Re: stable paging

oops, wrong mailing list.  sorry. please ignore.

         -- Sandro


On 02/16/2014 02:49 PM, Sandro Hawke wrote:
> Sorry I didn't propose this months ago.   It's taken me some time to 
> see this solution clearly.   Thanks to Eric and Andrei for being 
> sounding boards.   They haven't seen this particular framing, though.
>
> This is my proposal for "stable paging", a way to prevent the "lossy 
> paging" problem in the currect spec and highlighted in RFC-5005.  I 
> believe it can be implemented efficiently, and isn't prohibitively 
> complicated.  I'd like to see it in the LC draft, marked "at risk" in 
> case it turns out to be harder to implement than I think.
>
> *static paging*
>
> First, let me define something simpler, which I'll call "static 
> paging".  With static paging, the server embeds the etag of the paged 
> resource into the paging URLs.  When it responds to the paging URLs, 
> it checks to make sure the etag is still the same.
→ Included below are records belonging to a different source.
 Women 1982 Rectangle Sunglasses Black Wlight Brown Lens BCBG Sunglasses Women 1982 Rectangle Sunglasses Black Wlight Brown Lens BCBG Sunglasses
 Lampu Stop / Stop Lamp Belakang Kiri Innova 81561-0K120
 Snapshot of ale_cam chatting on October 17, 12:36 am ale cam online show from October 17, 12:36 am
If it's not, then 
> the server responds with a 410 GONE.  Now the client knows it needs to 
> re-initiate paging.
>
> With static paging, the client gets a perfect view of the resource, 
> with no loss, no corruption.  And it's trivial to implement.  The 
> problem is that resources that are large enough to require paging are 
> likely to change frequently, so a client would be unable to follow 
> PREV/NEXT links very many hops before the resource changed and the 
> client had to start again.  It might be it could never get more than 
> 10 pages in before it had to start again.  That doesn't seem acceptable.
>
> *stable paging definition*
>
> With "stable paging" I propose a looser requirement.  We allow the 
> graph to change during paging, but each triple which could 
> theoretically ever be in the graph is assigned to a particular page. 
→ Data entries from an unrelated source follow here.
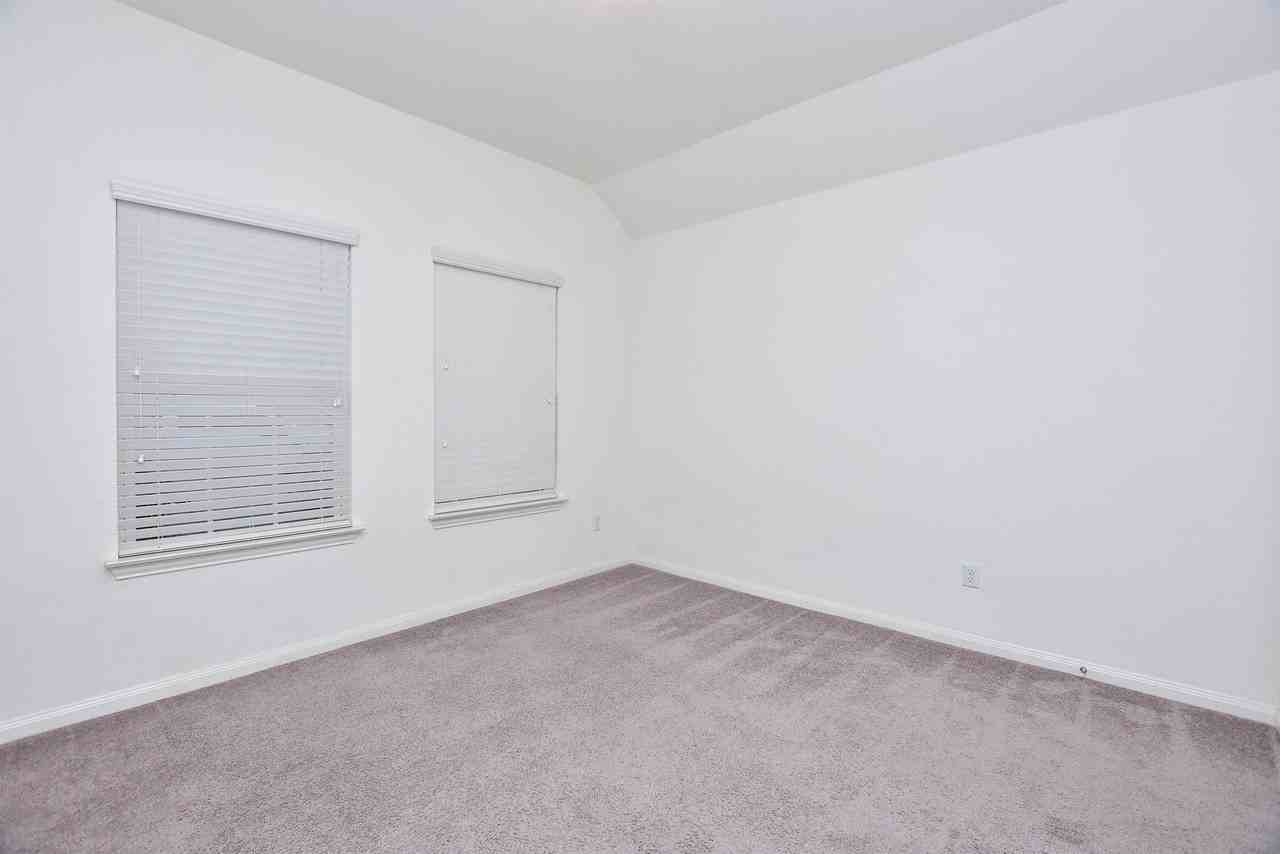 132 Krupp Ave - Photo 5 of 39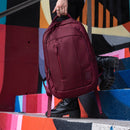 Combo: Mochila Zilker Vino 15.6” + Audífonos Lisbon Coral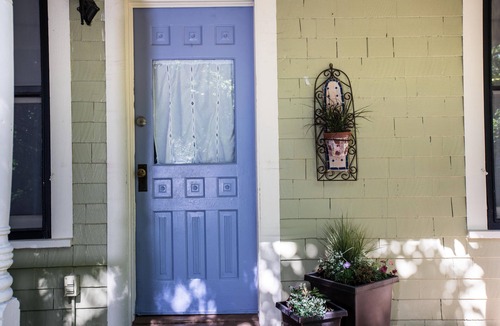 Old North End Cottage | Welcoming cottage and artist's studio in the historic Old North End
> This results in certain guarantees for the client. Specifically, if 
> the client traverses all the pages with stable paging, (1) every 
> triple it sees must have been in the graph at some point during the 
> traversal, and (2) every triple it does not see must have been absent 
> from the graph at some point during the traversal.  In other words, 
> the error is limited to exactly those triples that changed during the 
> traversal.  (With lossy paging, the client may miss triples that were 
> always in the graph.)
>
> *directory example *
>
> Let's consider the common case: we're paging an LDPC which has a sort 
> order.  (In fact, I expect this will be the only case where paging 
> will be implemented by most LDP servers.  When else would it ever 
> actually be useful?)  Maybe it's a directory of employees, sorted by 
> the foaf:name of each person.  The FIRST page has the folks at the 
> beginning of the alphabet; the LAST page has the folks at the end.
>
> It's a big directory, and people are being added and removed all the time.
>
> With lossy paging, and a server that naively just puts 100 people per 
> page, if a name were deleted during forward paging or added during 
> reverse paging, the client would simply, silently miss a person. 
> Displayed to a user this might be okay, but if the client is the 
> payroll system, or an acl system, or a spam filter lookup, or an 
> emergency alert system, missing even a single person is inexcusable. 
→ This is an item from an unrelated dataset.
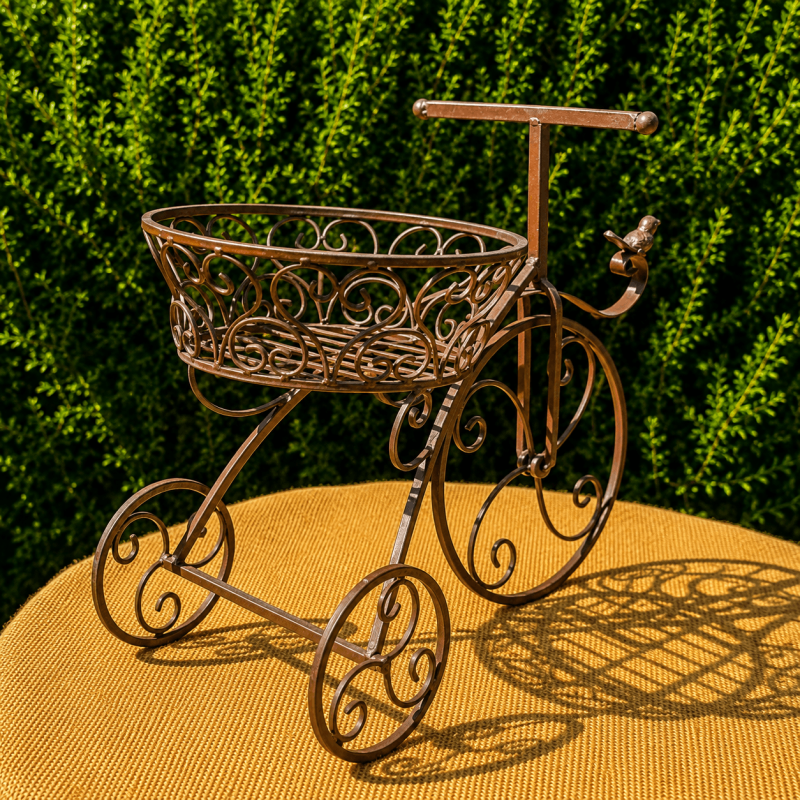 Porte-plante tricycle en métal - vue de derrière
> Static paging might be nice, but isn't practical. But stable paging is 
> pretty good.  With stable paging we might still miss a person, but 
> only if that person were added or deleted during paging.  That seems 
> like perfectly reasonable behavior, about what people would expect.
>
> So, how does stable paging work?
>
> Instead of just putting 100 names per page, with stable paging the 
> server creates a function mapping names to pages independent of what 
> else is in the graph.  It might be the first page has names starting 
> with A, the second has names starting with B, etc.  Or it might be the 
> first is "" through "Anderson", the second is "Anderson" through 
> "Aubrey", etc.  The paging function can be created by looking at the 
> database, but once a page has been served to a client and certain 
> triples included/excluded from it because of some boundary test, that 
> boundary MUST NOT change.
>
> Each paging URL then includes an identifier for that paging function. 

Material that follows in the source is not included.